Album Review: Sorority Noise – Joy, Departed

Joy, Departed by Sorority Noise

#aotd is Joy, Departed by Sorority Noise. Musically this album blends the energetic tempo and guitarwork of Pop-Punk and Indie-rock with the sombre lyricism and atmosphere of Emo. Even on the cheeriest sounding songs on this album the lyrics are rife with themes of self-deprecation and dealing with life’s troubles. This album isn’t bleak though, thanks to the fairly upbeat melodies on most of these songs there is always an air of hope or at least acceptance. These lyrics are written phenomenally well for the most part and manage to come from somewhere clearly personal but are also relatable. Where this album hits a brick wall for me is in the consistently unmemorable performances from every member of the band.

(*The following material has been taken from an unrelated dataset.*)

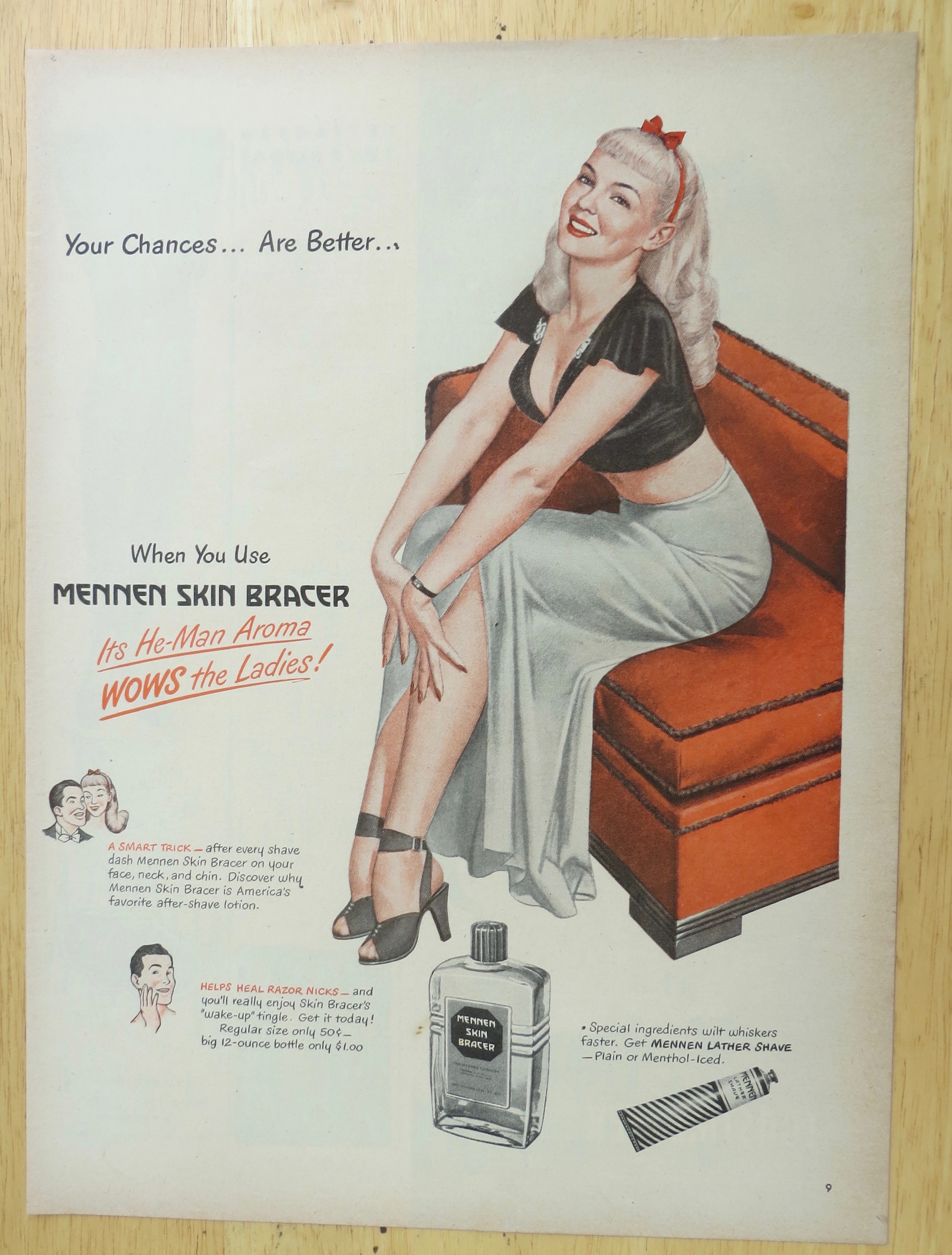 1947 Mennen Skin Bracer with Lovely Woman on Couch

From the vocals to the guitars there is never really a stand out moment besides the occasional good harmony. Luckily there is enough going on outside of the core performances to make it not detract too much from the experience, like the female vocals on “Noisey”. Surprisingly, the band sound better when they embrace their quieter side in favour of the louder side which dominates most of the album. This is most evident on the opener “Blissth” which opens with a sparse mix of acoustic guitar and vocals which sounds gorgeous and suitably depressing but explodes into a sloppily played guitar and drum outro. The best song on here, “Your Soft Blood”, doesn’t stick to the quieter sound but integrates the rough guitars much more smoothly and has the vocalist remaining in his much more flattering lower register which is far more dynamic than the whinier tone found on most of the hooks. There is no bad song on here, but just as Sorority Noise have a knack for writing fantastic songs (“Art School Wannabe”, “Fuchsia”, “Using”) they also have a crippling knack for writing forgettable ones (“Corrigan”, “Blissth”, “Mononokay”). Any fans of the genre should check this out because there is some songwriting and lyrical brilliance to be found within but the band fail to capitalise on their constant stream of wicked ideas.